_What is being asked_:
Please copy out the entries until you have copied the line that contains "Image of Wonderful", beginning with the first line.

_Data shown_:
--------
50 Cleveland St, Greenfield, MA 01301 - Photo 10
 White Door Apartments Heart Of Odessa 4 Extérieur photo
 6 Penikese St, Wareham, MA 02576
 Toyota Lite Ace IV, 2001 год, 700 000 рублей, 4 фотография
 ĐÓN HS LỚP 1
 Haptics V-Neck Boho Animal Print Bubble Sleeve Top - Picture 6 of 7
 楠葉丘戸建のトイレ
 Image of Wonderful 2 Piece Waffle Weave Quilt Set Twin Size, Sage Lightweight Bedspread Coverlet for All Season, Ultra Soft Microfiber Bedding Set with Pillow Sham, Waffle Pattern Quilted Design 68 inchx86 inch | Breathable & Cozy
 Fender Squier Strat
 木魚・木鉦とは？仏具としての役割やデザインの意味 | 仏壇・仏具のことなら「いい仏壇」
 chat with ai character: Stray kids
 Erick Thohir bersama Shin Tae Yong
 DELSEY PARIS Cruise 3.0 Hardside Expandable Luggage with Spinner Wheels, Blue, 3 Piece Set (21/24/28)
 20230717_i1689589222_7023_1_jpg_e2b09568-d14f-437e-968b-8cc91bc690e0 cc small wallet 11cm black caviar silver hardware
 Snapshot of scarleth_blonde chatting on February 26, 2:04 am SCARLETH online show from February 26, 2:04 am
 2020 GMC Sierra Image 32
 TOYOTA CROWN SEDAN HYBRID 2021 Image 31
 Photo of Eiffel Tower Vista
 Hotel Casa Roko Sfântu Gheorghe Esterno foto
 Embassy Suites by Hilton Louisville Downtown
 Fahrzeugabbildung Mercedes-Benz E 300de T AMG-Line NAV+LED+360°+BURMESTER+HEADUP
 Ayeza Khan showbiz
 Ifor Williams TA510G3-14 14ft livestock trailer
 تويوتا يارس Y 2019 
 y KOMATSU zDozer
--------
_Output below_:
50 Cleveland St, Greenfield, MA 01301 - Photo 10
 White Door Apartments Heart Of Odessa 4 Extérieur photo
 6 Penikese St, Wareham, MA 02576
 Toyota Lite Ace IV, 2001 год, 700 000 рублей, 4 фотография
 ĐÓN HS LỚP 1
 Haptics V-Neck Boho Animal Print Bubble Sleeve Top - Picture 6 of 7
 楠葉丘戸建のトイレ
 Image of Wonderful 2 Piece Waffle Weave Quilt Set Twin Size, Sage Lightweight Bedspread Coverlet for All Season, Ultra Soft Microfiber Bedding Set with Pillow Sham, Waffle Pattern Quilted Design 68 inchx86 inch | Breathable & Cozy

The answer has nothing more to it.